[erlang-questions] Reading, Learning, Confused
Sat Jul 19 17:15:27 CEST 2008
Alpár Jüttner wrote:
> Btw. the Erlang Reference Manual says that
> As of Erlang 5.5/OTP R11B, short-circuit boolean expressions are
> allowed in guards. In guards, however, evaluation is always
> short-circuited since guard tests are known to be free of side
> (Section 6.14, Short-Circuit Boolean Expressions)

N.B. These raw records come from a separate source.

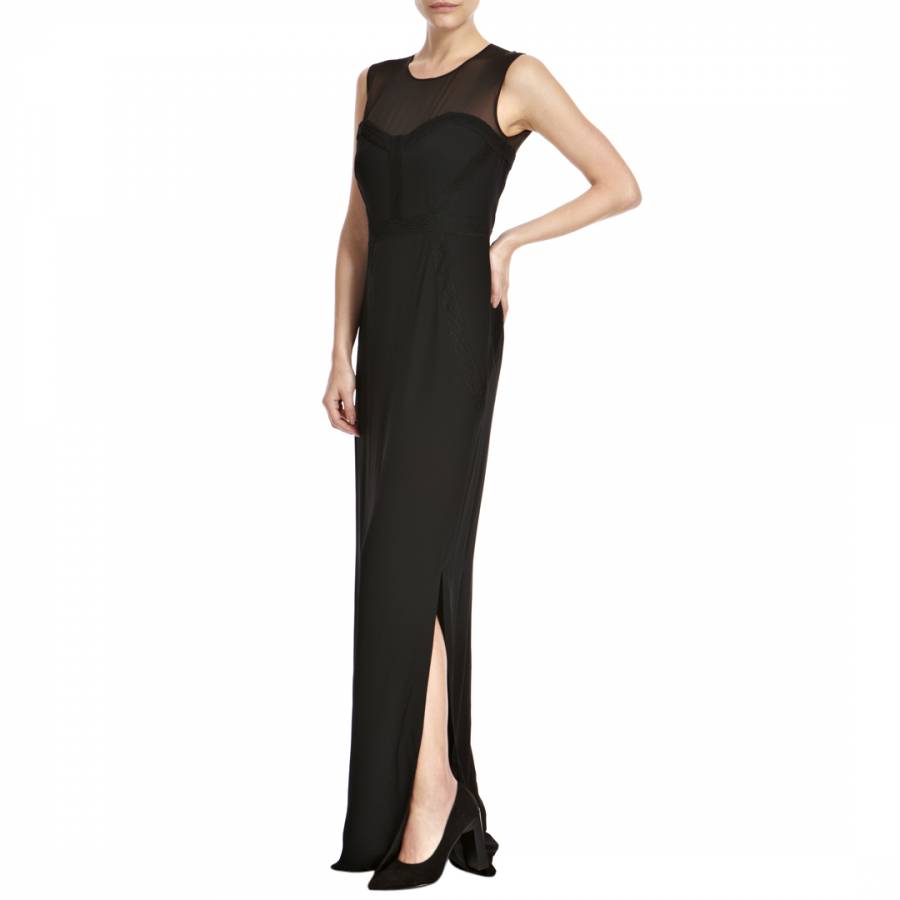 Black Lace/Silk Detail Maxi Dress - BrandAlley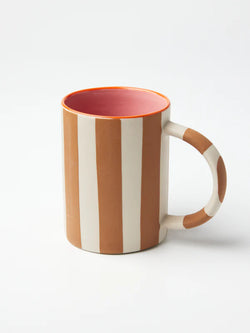 Tan Happy Stripe Mug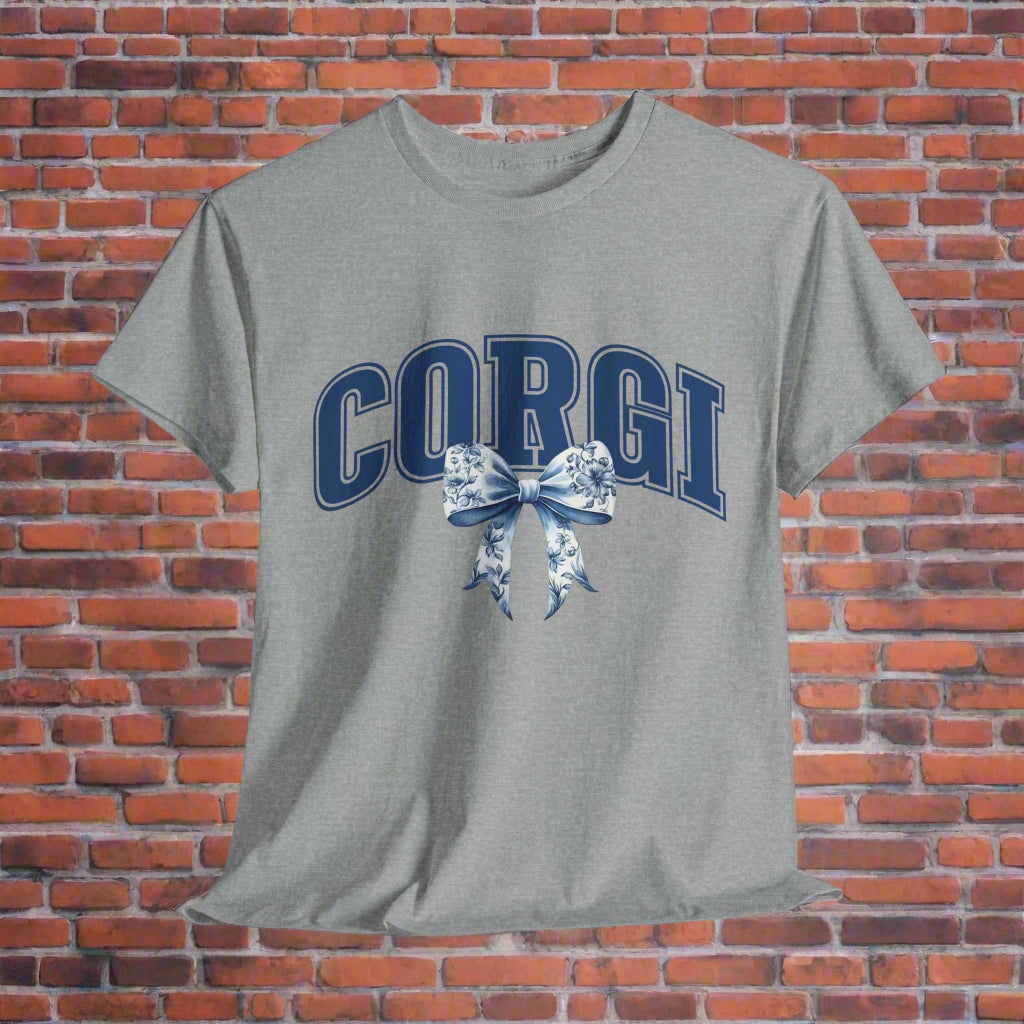 corgi shirt with varsity letters and bow in
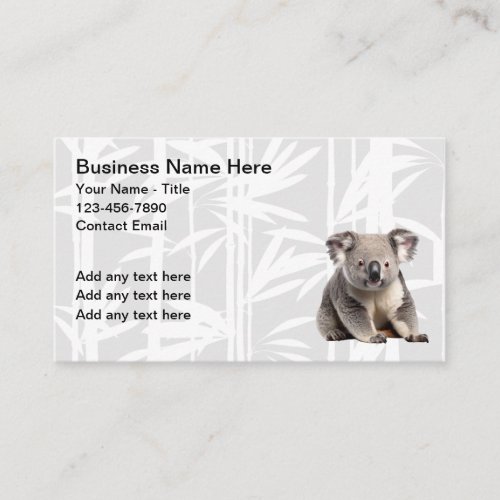 Chinese Food Koala Bear Theme Business Cards 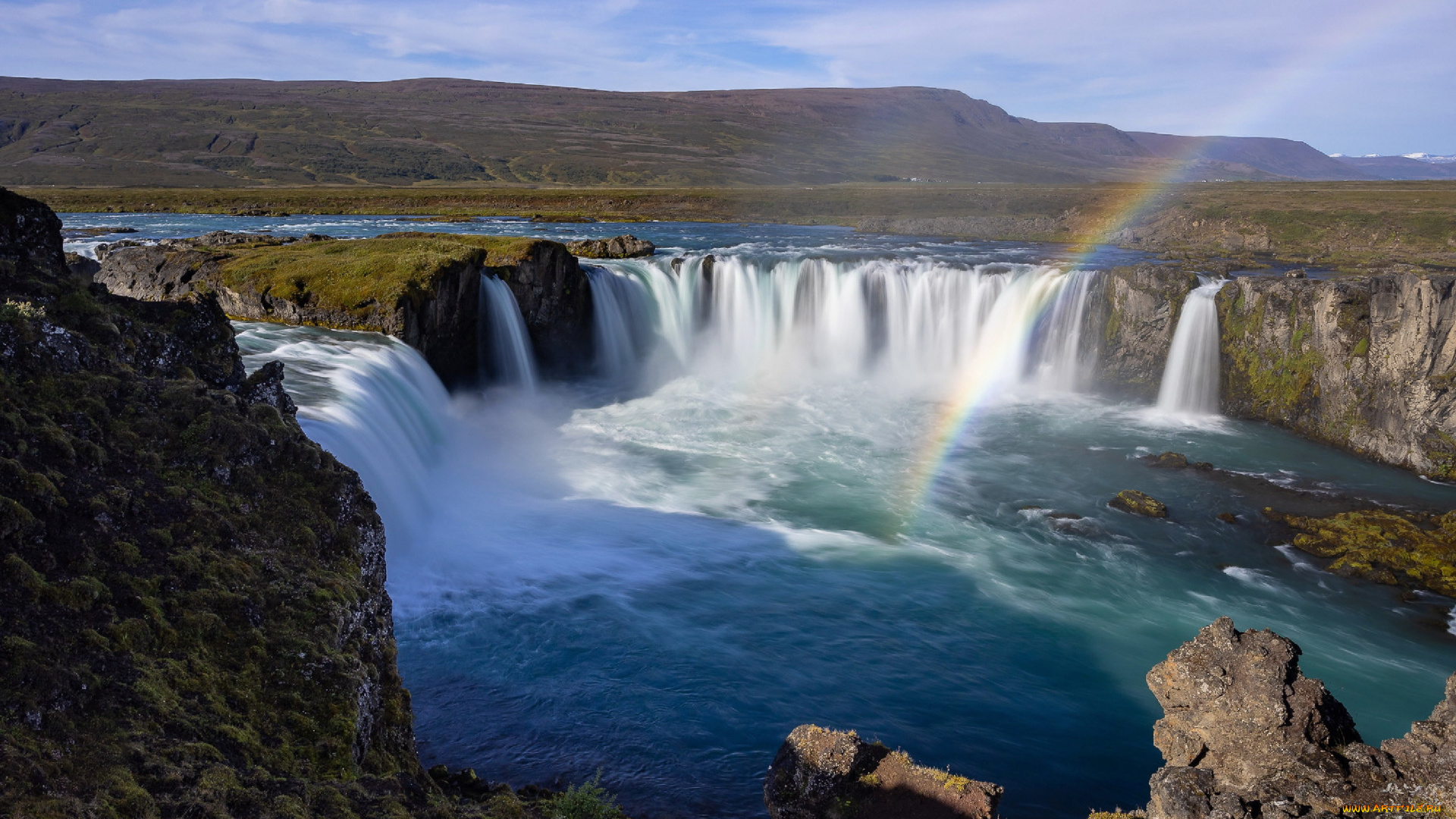 godafoss, waterfall, iceland, природа, водопады, godafoss, waterfall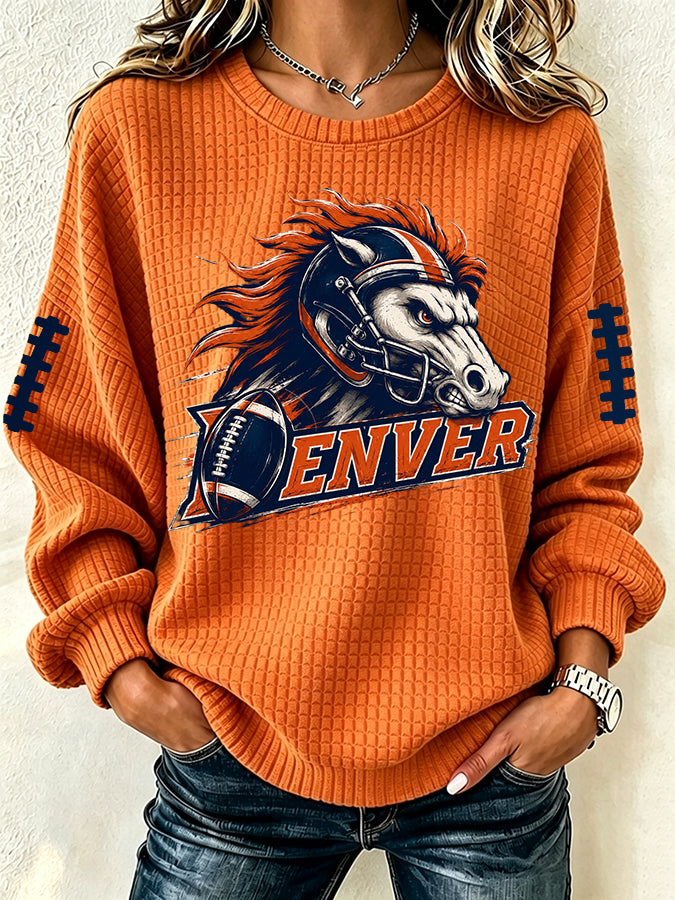 Women'S Football Fan Waffle Long Sleeved Round Neck Sweatshirt
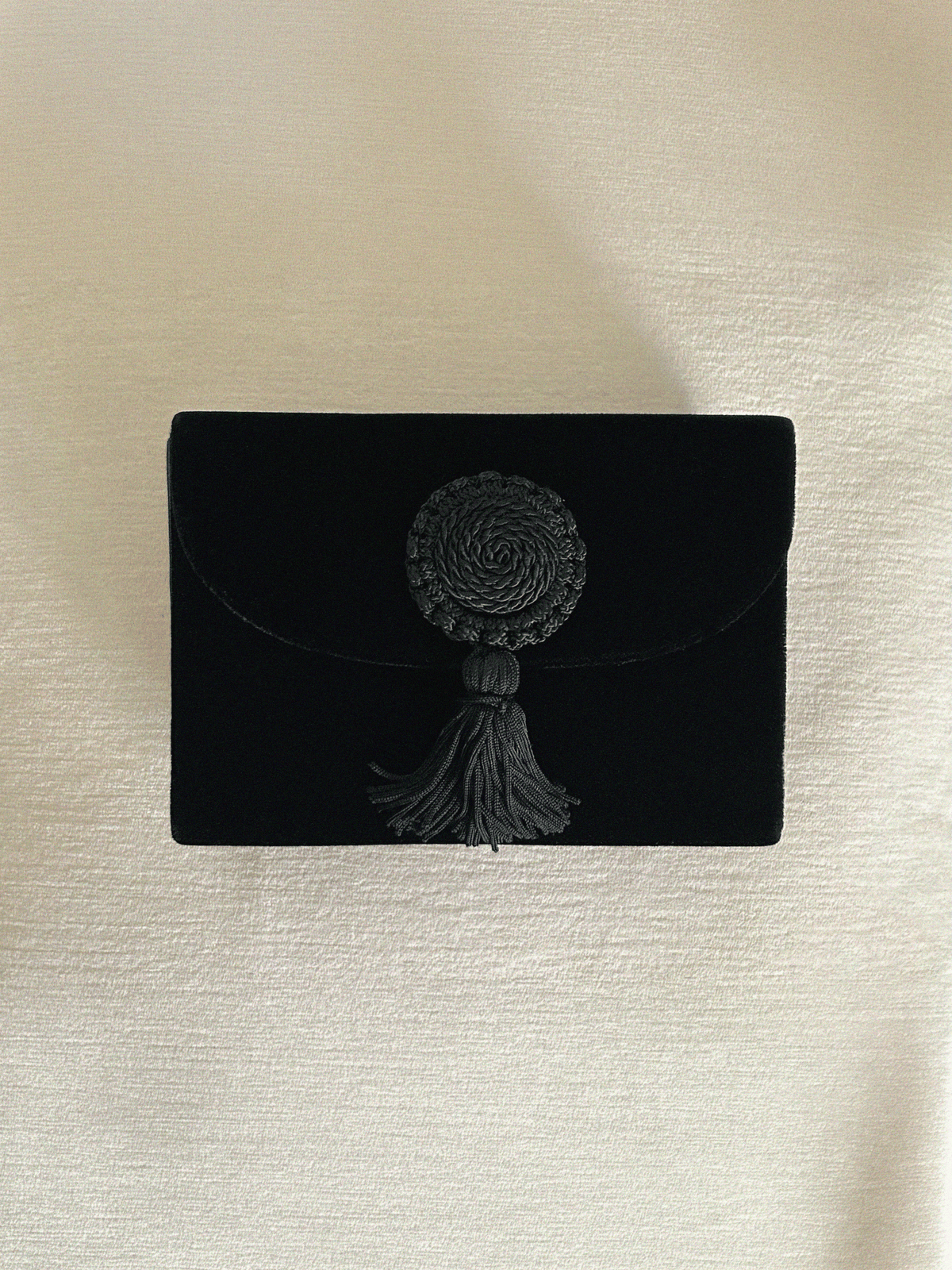 Black Velvet Clutch Bag with Tassel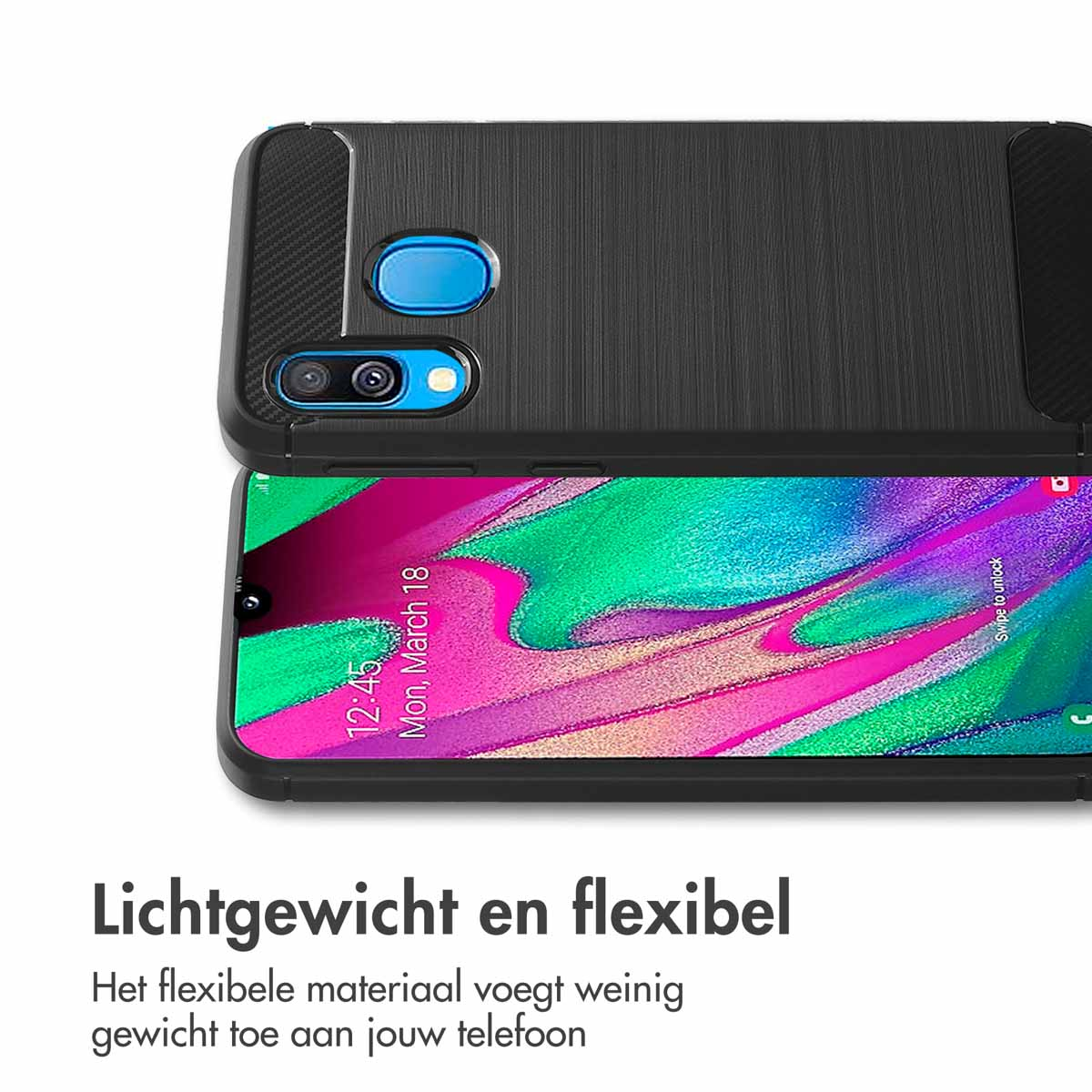 IMOSHION Brushed COVER per Samsung Galaxy A40, Nero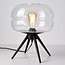 Lampe à poser Joah en verre transparent soufflé à la main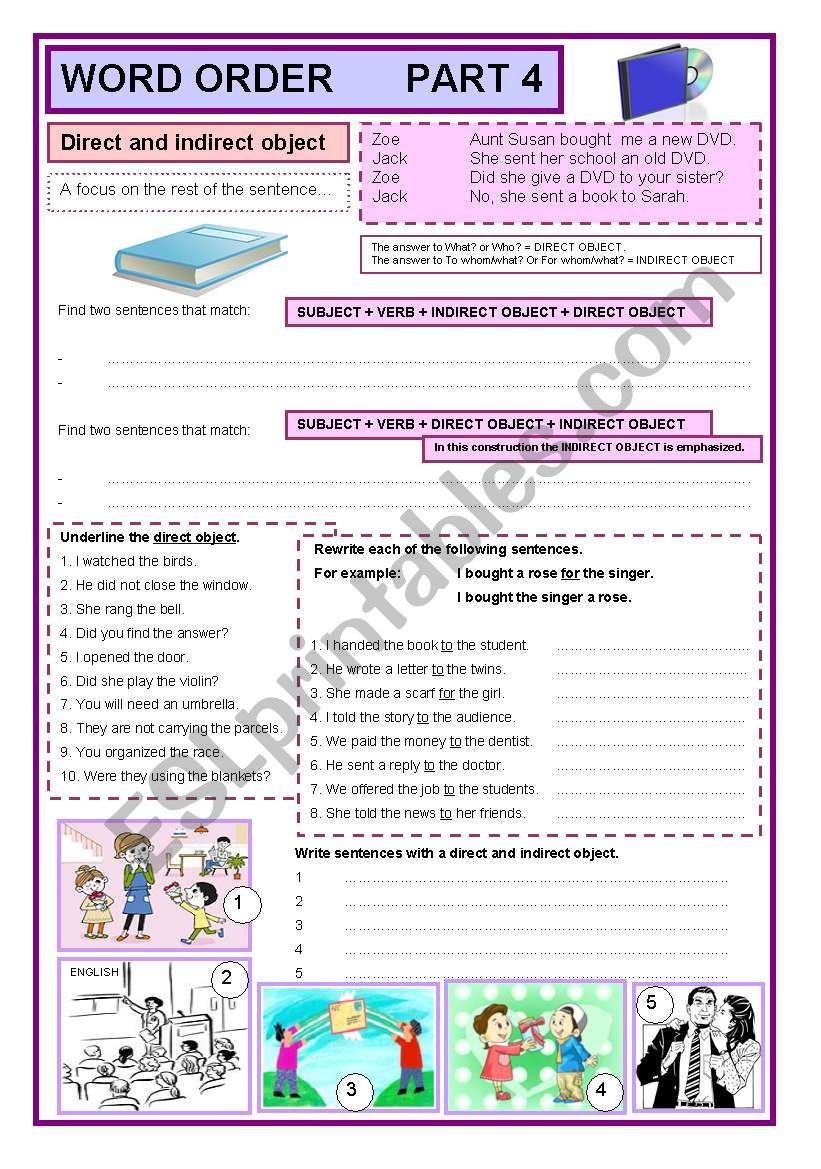 Word order part 4 direct and indirect object  (4/7)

> Something is wrong here, isn;t it?
Not really, but it's a bit cryptic. The text only talks about evaluation
of guard tests, i.e., the complete expressions separated by commas
and/or semicolons. The commas/semicolons are always short-circuited. But
they cannot be nested arbitrarily (you can have semicolon-separated
groups of comma-separated expressions, but not the other way around and
not grouped using parentheses). To write more complex expressions and
still have short-circuiting, you need andalso/orelse.
The strictness of the and/or operators is historical; I think the
reasoning was that evaluating both sides gave a more predictable
behaviour, with regard to possible exceptions and evaluation time. This
was probably a mistake, but it was too late to fix, so andalso/orelse
The short answer to "when would anyone want to use plain and/or?" is
"rarely". A slightly longer answer would be "when readability and
horizontal space is more important than shaving off a few cycles".